人気の魚の詰め放題−長蛇の列・北浦の海市場

 延岡市北浦町古江の北浦臨海パークきたうらら海市場で3、4日、きたうら海友(宇戸田実也社長)による「魚詰め放題大会」があった。1分間で指定の袋に好きなだけ魚を詰めて持ち帰ろうという企画。漁師でもある宇戸田社長が「釣った魚を、より多くの人に食べて、親しんでもらいたい」と毎年開いている。

 3日は、北浦近郊で釣れた合計1トンを超える「アオアジ」を用意。レストランテラス前の会場には、瞬く間に長蛇の列ができた。
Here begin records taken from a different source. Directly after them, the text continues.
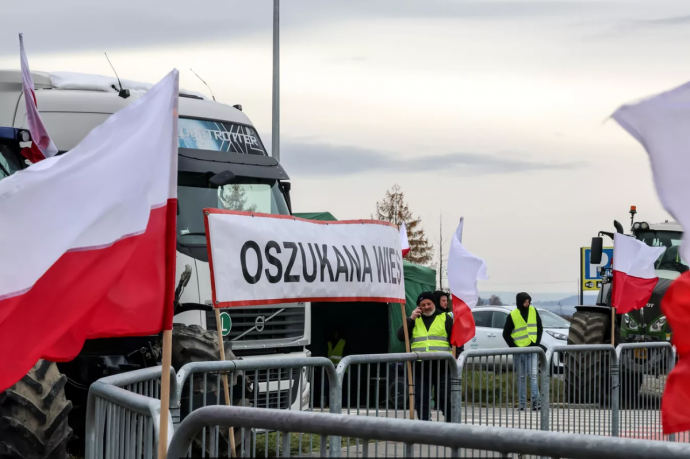 В Польше перевозчики возобновили блокаду на украинской границе
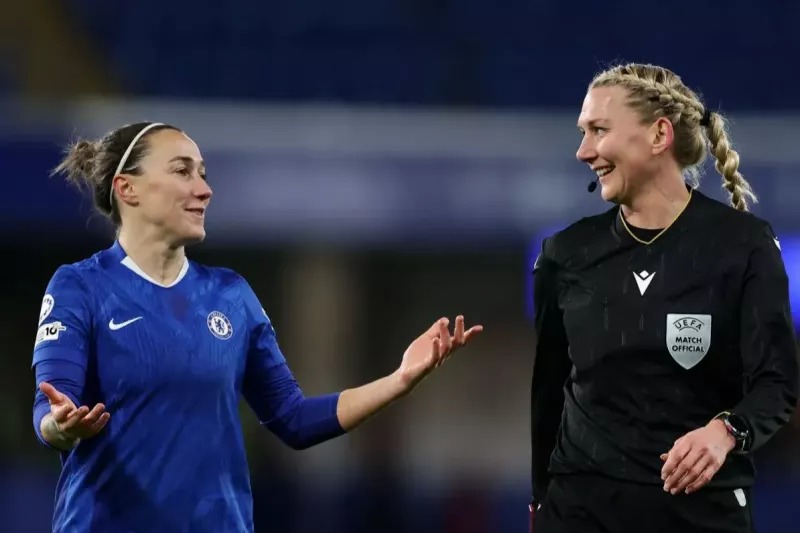 قطع برق ورزشگاه چلسی در یک بازی حساس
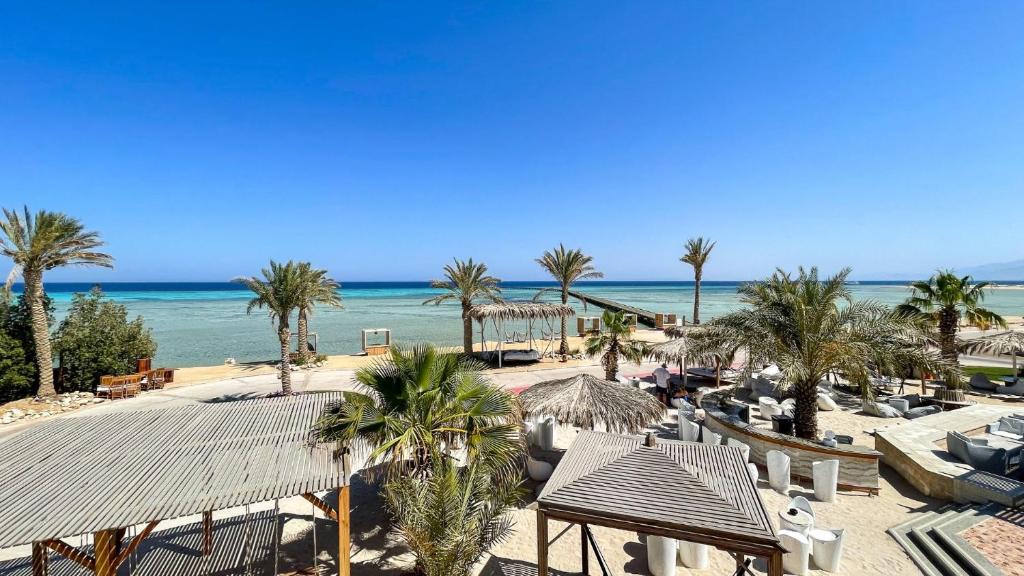 Soma Bay Resort | The Breakers Diving & Surfing Lodge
 参加者は支給された手袋とポリ袋を手に、箱分けされた魚の袋詰めに挑戦。それぞれ家族や友人同士でチームを組んだり、袋の口を大きく広げ、少しでも多くの魚を持ち帰ろうと必死に工夫を凝らした。

 初めて家族で参加した日向市比良町の久徳航平さん(9)は「(アオアジは)ニョロニョロしていて、冷たかった」と感想。「思ったよりたくさんの魚が取れて満足。帰ったら塩焼きにして食べたい」と笑顔だった。

◆門川町−入浴者は昨年より約1割増える・かどがわ温泉

 門川町のかどがわ温泉心の杜(もり)の入浴者数は4月以降、コロナ禍前の水準に戻りつつあり、4月29日〜5月7日(9日間)は7205人と、昨年の大型連休と比べ約1割増えた。

 3〜5日は小学生以下の入浴料を無料にして喜ばれた。また、晴れた日には隣接する多目的広場も多くの家族連れでにぎわい、子どもたちの歓声に包まれた。